The complete set of records should be given again verbatim.

┌──

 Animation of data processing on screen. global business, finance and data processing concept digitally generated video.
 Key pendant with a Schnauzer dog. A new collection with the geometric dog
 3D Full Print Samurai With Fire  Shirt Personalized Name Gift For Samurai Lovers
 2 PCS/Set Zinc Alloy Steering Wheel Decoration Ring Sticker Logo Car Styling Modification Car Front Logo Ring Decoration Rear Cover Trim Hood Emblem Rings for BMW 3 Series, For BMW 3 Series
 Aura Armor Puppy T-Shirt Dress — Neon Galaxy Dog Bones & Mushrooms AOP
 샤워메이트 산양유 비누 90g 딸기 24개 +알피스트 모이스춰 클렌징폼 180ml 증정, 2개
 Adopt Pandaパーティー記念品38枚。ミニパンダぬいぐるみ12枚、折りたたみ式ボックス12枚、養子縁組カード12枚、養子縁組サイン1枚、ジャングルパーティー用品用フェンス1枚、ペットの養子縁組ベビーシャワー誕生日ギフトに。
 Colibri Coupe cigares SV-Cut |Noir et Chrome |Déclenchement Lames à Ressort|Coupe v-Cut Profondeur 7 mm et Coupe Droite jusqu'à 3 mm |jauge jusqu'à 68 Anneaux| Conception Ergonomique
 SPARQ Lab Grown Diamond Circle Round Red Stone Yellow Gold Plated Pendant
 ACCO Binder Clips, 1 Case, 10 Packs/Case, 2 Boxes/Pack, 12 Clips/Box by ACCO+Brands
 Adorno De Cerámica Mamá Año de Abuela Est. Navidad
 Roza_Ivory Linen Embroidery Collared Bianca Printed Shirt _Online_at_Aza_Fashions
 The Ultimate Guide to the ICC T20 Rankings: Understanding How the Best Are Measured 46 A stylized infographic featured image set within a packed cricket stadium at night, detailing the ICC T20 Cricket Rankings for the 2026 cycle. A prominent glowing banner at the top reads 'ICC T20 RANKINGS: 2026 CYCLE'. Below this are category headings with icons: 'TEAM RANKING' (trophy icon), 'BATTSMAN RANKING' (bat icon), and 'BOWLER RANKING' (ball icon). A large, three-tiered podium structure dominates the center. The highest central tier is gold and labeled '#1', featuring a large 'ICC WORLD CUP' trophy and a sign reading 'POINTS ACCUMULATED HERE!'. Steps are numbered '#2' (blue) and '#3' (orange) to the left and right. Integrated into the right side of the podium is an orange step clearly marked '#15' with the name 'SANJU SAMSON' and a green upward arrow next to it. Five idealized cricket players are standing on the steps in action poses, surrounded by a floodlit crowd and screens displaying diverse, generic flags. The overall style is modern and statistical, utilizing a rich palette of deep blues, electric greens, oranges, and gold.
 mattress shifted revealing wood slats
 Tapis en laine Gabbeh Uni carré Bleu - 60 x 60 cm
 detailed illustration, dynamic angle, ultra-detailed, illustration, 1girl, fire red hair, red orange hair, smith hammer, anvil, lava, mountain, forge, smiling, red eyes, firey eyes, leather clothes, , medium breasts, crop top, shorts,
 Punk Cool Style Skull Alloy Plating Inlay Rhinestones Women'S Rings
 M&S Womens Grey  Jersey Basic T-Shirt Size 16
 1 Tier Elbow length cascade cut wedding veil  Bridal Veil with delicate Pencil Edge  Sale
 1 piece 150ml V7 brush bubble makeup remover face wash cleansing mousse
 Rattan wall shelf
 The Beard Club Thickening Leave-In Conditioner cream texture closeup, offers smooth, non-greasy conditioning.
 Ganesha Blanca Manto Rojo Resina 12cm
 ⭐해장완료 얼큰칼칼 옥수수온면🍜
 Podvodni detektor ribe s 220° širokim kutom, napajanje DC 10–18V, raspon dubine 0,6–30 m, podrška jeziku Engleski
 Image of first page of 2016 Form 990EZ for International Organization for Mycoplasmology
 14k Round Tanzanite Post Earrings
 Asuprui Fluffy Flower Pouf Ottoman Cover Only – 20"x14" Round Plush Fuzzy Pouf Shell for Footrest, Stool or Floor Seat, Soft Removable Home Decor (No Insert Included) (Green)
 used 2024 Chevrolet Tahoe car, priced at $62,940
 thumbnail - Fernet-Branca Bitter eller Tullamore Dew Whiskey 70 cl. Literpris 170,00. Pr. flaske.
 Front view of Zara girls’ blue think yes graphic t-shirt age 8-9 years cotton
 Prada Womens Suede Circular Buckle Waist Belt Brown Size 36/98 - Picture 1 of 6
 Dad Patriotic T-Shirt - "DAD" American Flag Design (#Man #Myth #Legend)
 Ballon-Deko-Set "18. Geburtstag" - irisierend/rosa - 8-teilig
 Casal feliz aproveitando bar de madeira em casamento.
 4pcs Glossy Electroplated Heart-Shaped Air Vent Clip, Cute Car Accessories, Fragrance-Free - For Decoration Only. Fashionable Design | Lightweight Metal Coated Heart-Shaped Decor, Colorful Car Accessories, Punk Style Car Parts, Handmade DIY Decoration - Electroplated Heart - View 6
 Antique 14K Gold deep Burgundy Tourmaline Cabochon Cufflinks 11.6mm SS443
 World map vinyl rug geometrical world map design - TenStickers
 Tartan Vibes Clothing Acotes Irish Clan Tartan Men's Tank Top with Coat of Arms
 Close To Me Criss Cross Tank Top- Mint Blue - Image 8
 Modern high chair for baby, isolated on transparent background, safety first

└──

◆ Exercise answer:
 Animation of data processing on screen. global business, finance and data processing concept digitally generated video.
 Key pendant with a Schnauzer dog. A new collection with the geometric dog
 3D Full Print Samurai With Fire  Shirt Personalized Name Gift For Samurai Lovers
 2 PCS/Set Zinc Alloy Steering Wheel Decoration Ring Sticker Logo Car Styling Modification Car Front Logo Ring Decoration Rear Cover Trim Hood Emblem Rings for BMW 3 Series, For BMW 3 Series
 Aura Armor Puppy T-Shirt Dress — Neon Galaxy Dog Bones & Mushrooms AOP
 샤워메이트 산양유 비누 90g 딸기 24개 +알피스트 모이스춰 클렌징폼 180ml 증정, 2개
 Adopt Pandaパーティー記念品38枚。ミニパンダぬいぐるみ12枚、折りたたみ式ボックス12枚、養子縁組カード12枚、養子縁組サイン1枚、ジャングルパーティー用品用フェンス1枚、ペットの養子縁組ベビーシャワー誕生日ギフトに。
 Colibri Coupe cigares SV-Cut |Noir et Chrome |Déclenchement Lames à Ressort|Coupe v-Cut Profondeur 7 mm et Coupe Droite jusqu'à 3 mm |jauge jusqu'à 68 Anneaux| Conception Ergonomique
 SPARQ Lab Grown Diamond Circle Round Red Stone Yellow Gold Plated Pendant
 ACCO Binder Clips, 1 Case, 10 Packs/Case, 2 Boxes/Pack, 12 Clips/Box by ACCO+Brands
 Adorno De Cerámica Mamá Año de Abuela Est. Navidad
 Roza_Ivory Linen Embroidery Collared Bianca Printed Shirt _Online_at_Aza_Fashions
 The Ultimate Guide to the ICC T20 Rankings: Understanding How the Best Are Measured 46 A stylized infographic featured image set within a packed cricket stadium at night, detailing the ICC T20 Cricket Rankings for the 2026 cycle. A prominent glowing banner at the top reads 'ICC T20 RANKINGS: 2026 CYCLE'. Below this are category headings with icons: 'TEAM RANKING' (trophy icon), 'BATTSMAN RANKING' (bat icon), and 'BOWLER RANKING' (ball icon). A large, three-tiered podium structure dominates the center. The highest central tier is gold and labeled '#1', featuring a large 'ICC WORLD CUP' trophy and a sign reading 'POINTS ACCUMULATED HERE!'. Steps are numbered '#2' (blue) and '#3' (orange) to the left and right. Integrated into the right side of the podium is an orange step clearly marked '#15' with the name 'SANJU SAMSON' and a green upward arrow next to it. Five idealized cricket players are standing on the steps in action poses, surrounded by a floodlit crowd and screens displaying diverse, generic flags. The overall style is modern and statistical, utilizing a rich palette of deep blues, electric greens, oranges, and gold.
 mattress shifted revealing wood slats
 Tapis en laine Gabbeh Uni carré Bleu - 60 x 60 cm
 detailed illustration, dynamic angle, ultra-detailed, illustration, 1girl, fire red hair, red orange hair, smith hammer, anvil, lava, mountain, forge, smiling, red eyes, firey eyes, leather clothes, , medium breasts, crop top, shorts,
 Punk Cool Style Skull Alloy Plating Inlay Rhinestones Women'S Rings
 M&S Womens Grey  Jersey Basic T-Shirt Size 16
 1 Tier Elbow length cascade cut wedding veil  Bridal Veil with delicate Pencil Edge  Sale
 1 piece 150ml V7 brush bubble makeup remover face wash cleansing mousse
 Rattan wall shelf
 The Beard Club Thickening Leave-In Conditioner cream texture closeup, offers smooth, non-greasy conditioning.
 Ganesha Blanca Manto Rojo Resina 12cm
 ⭐해장완료 얼큰칼칼 옥수수온면🍜
 Podvodni detektor ribe s 220° širokim kutom, napajanje DC 10–18V, raspon dubine 0,6–30 m, podrška jeziku Engleski
 Image of first page of 2016 Form 990EZ for International Organization for Mycoplasmology
 14k Round Tanzanite Post Earrings
 Asuprui Fluffy Flower Pouf Ottoman Cover Only – 20"x14" Round Plush Fuzzy Pouf Shell for Footrest, Stool or Floor Seat, Soft Removable Home Decor (No Insert Included) (Green)
 used 2024 Chevrolet Tahoe car, priced at $62,940
 thumbnail - Fernet-Branca Bitter eller Tullamore Dew Whiskey 70 cl. Literpris 170,00. Pr. flaske.
 Front view of Zara girls’ blue think yes graphic t-shirt age 8-9 years cotton
 Prada Womens Suede Circular Buckle Waist Belt Brown Size 36/98 - Picture 1 of 6
 Dad Patriotic T-Shirt - "DAD" American Flag Design (#Man #Myth #Legend)
 Ballon-Deko-Set "18. Geburtstag" - irisierend/rosa - 8-teilig
 Casal feliz aproveitando bar de madeira em casamento.
 4pcs Glossy Electroplated Heart-Shaped Air Vent Clip, Cute Car Accessories, Fragrance-Free - For Decoration Only. Fashionable Design | Lightweight Metal Coated Heart-Shaped Decor, Colorful Car Accessories, Punk Style Car Parts, Handmade DIY Decoration - Electroplated Heart - View 6
 Antique 14K Gold deep Burgundy Tourmaline Cabochon Cufflinks 11.6mm SS443
 World map vinyl rug geometrical world map design - TenStickers
 Tartan Vibes Clothing Acotes Irish Clan Tartan Men's Tank Top with Coat of Arms
 Close To Me Criss Cross Tank Top- Mint Blue - Image 8
 Modern high chair for baby, isolated on transparent background, safety first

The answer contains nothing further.